Every morning before heading off to the Chintan office I eat a bowl of cornflakes with a banana. It’s both the minor indulgence of a Midwestern American guy living abroad and a method of giving my stomach one break per day from the spicy and voluminous curries, dals, and masala dishes that otherwise constitute my meals.

"The Usual"
"The Usual"

"The Usual"

Several days ago I looked up from the little archipelago of flakes floating in my milk to the cereal box and banana peel, curious about their fate.  Like most kitchen waste in Delhi, they’ll be tossed in the trashcan together. I try to separate the recyclables from the organics, but I suspect that once they leave the kitchen they are all mixed up anyway.

Since this is a common “service apartment,” there is a gentleman named Radu who lives with the landlord downstairs and swings by occasionally to clean and empty the trash. I’m always curious where the heck it goes. There is no curbside pickup; I see no large dustbins anywhere on the block; and unlike my first apartment in Delhi, here there is no independent door-to-door wastepicker who rings the bell each day to collect the waste.

In situations like this, the family helpers often take the garbage directly to the neighborhood “dhalao,” or disposal unit. So today I marched over to the dhalao nearby, where I met a group of wastepickers meticulously segregating the incoming trash into organics, which they can’t use, and recyclables, which they can. It is here where my banana peel and cereal box part ways.

The Dhalao
The Dhalao

The dhalao in my neighborhood. The dump bin in the foreground is full of waste that the wastepickers can't recycle. Behind the bin inside the structure I met a half dozen men segregating waste.

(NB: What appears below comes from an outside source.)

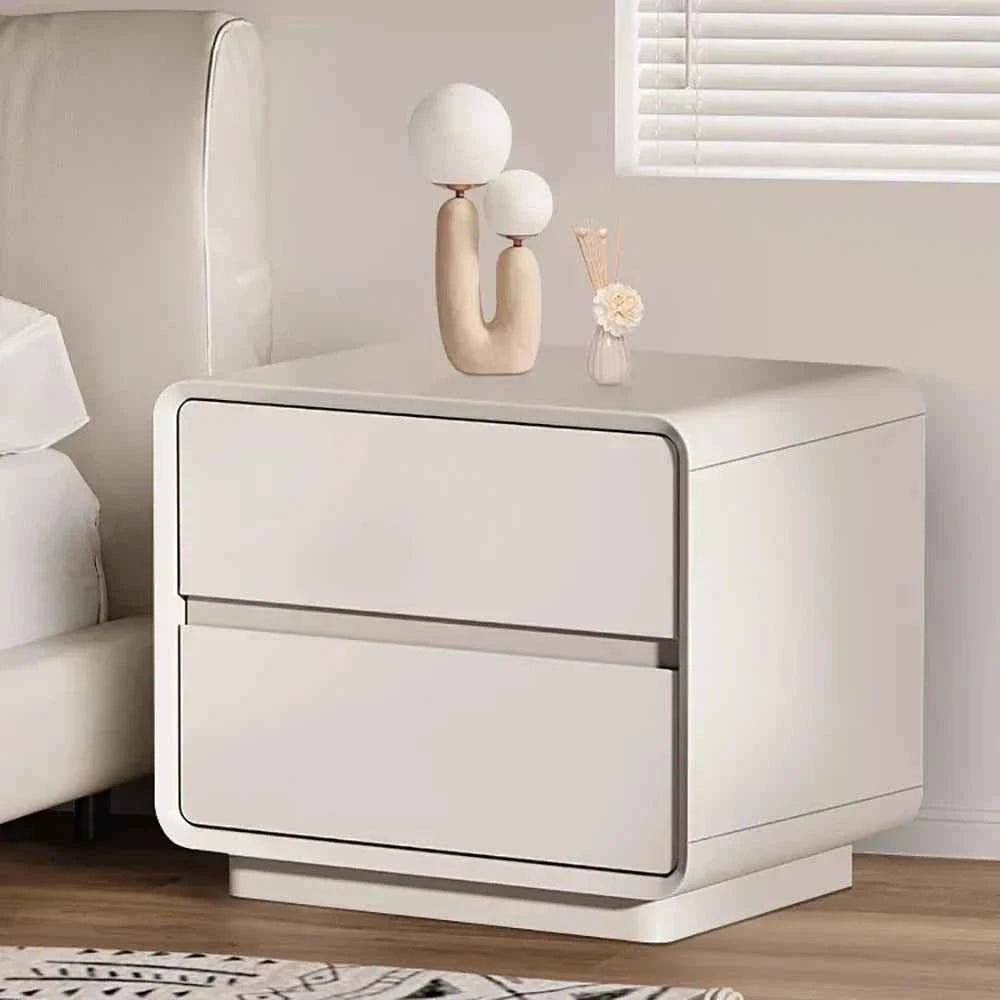 Minimalist Wood Nightstand with Storage Drawers - Modern Bedroom Furniture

The brunt of waste in dhalaos comes directly from private residences, and the rest arrives on the rickshaws and backs of the wastepickers themselves. Dhalaos provide small but crucial space for segregation in an otherwise incomprehensibly dense city. City trucks then collect what remains after the wastepickers have finished sorting at the dhalaos and transport it to the city dumps.

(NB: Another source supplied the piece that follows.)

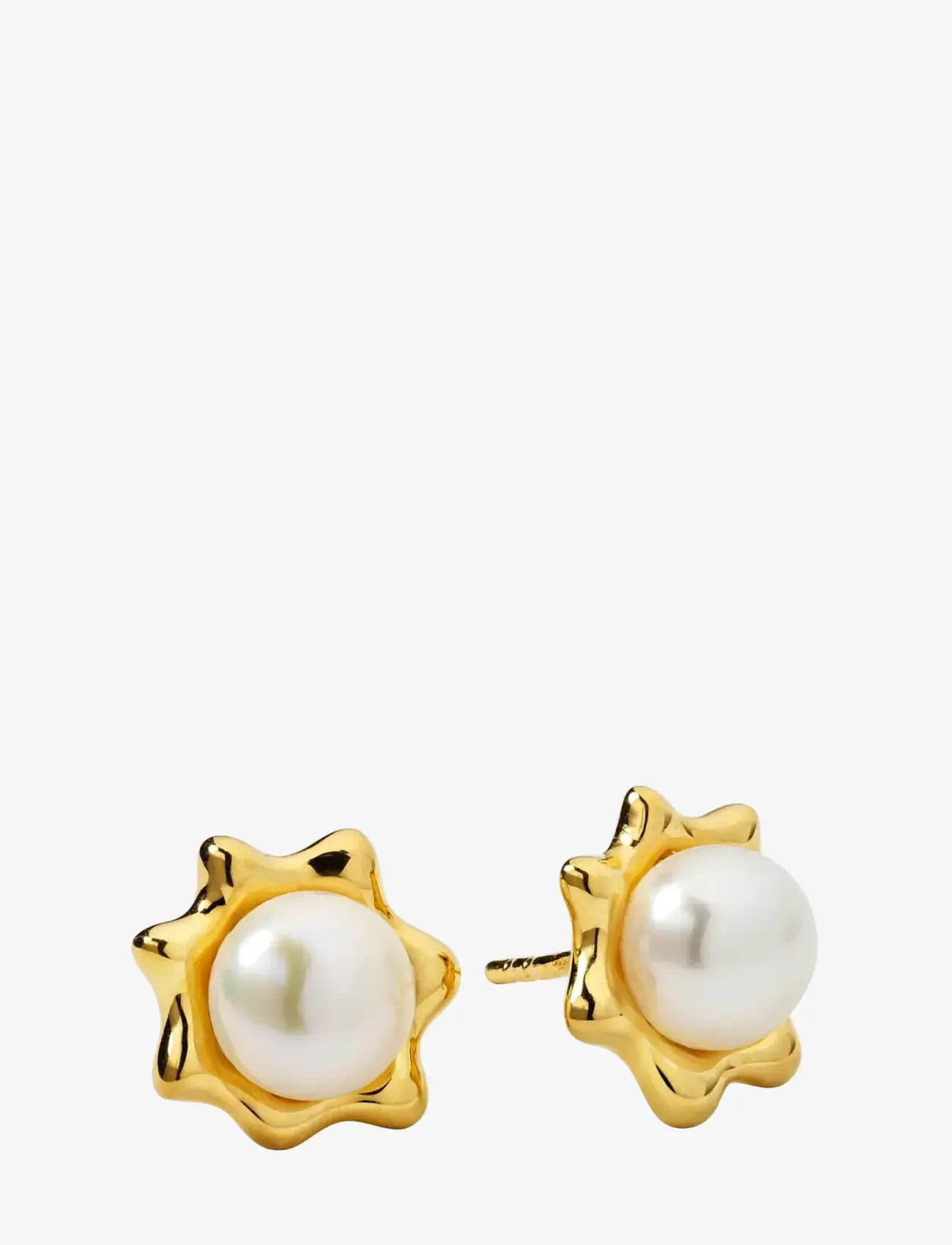 Syster P - Florentina Pearl Studs Gold - perlenohrringe - gold - 2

These wastepickers work out of the dhalao in my neighborhood in the southern part of New Delhi.
These wastepickers work out of the dhalao in my neighborhood in the southern part of New Delhi.

These wastepickers work out of the dhalao in my neighborhood in the southern part of New Delhi.

Here’s where it gets crazy. Such thoroughly sorted waste is perfect for composting.  And as I wrote last week, composting is one method of keeping wet waste out of landfills where it would otherwise decompose under anaerobic conditions, releasing methane (a potent greenhouse gas) into the atmosphere. So the two government entities in the area, the New Delhi Municipal Council (NDMC) and the Municipal Corporation of Delhi (MCD) have teamed up with a private firm to create a composting unit to earn greenhouse gas emissions reduction credits.

I visited this composting unit, in Okhla, and spoke with the manager.  The 200 tons of pre-segregated organic waste that arrives each day is delivered for free by the NDMC and MCD. It comes mostly from dhalaos, and because the waste has been pre-sorted by the wastepickers, there are huge savings for the composting unit and city. In fact, the manager was surprisingly deferential and spoke of the necessity of the wastepickers in his business model. After seven weeks of windrow composting, my banana peel becomes organic fertilizer, which is then sold to a wholesale fertilizer company for profit.  The wastepickers, at present, see none of the proceeds.

Bags of organic fertilizer ready to be sold from the Okhla composting unit.
Bags of organic fertilizer ready to be sold from the Okhla composting unit.

Bags of organic fertilizer, the final product of the Okhla composting plant, ready to be trucked off and sold to a fertilizer wholesaler.

This project also has been approved for greenhouse gas emissions reduction credits through the Clean Development Mechanism (CDM). The CDM is an offset scheme developed through the Kyoto Protocol whereby industrialized countries with emission-reduction commitments can finance and implement emission-reducing projects in developing countries in order to help meet their own Kyoto targets.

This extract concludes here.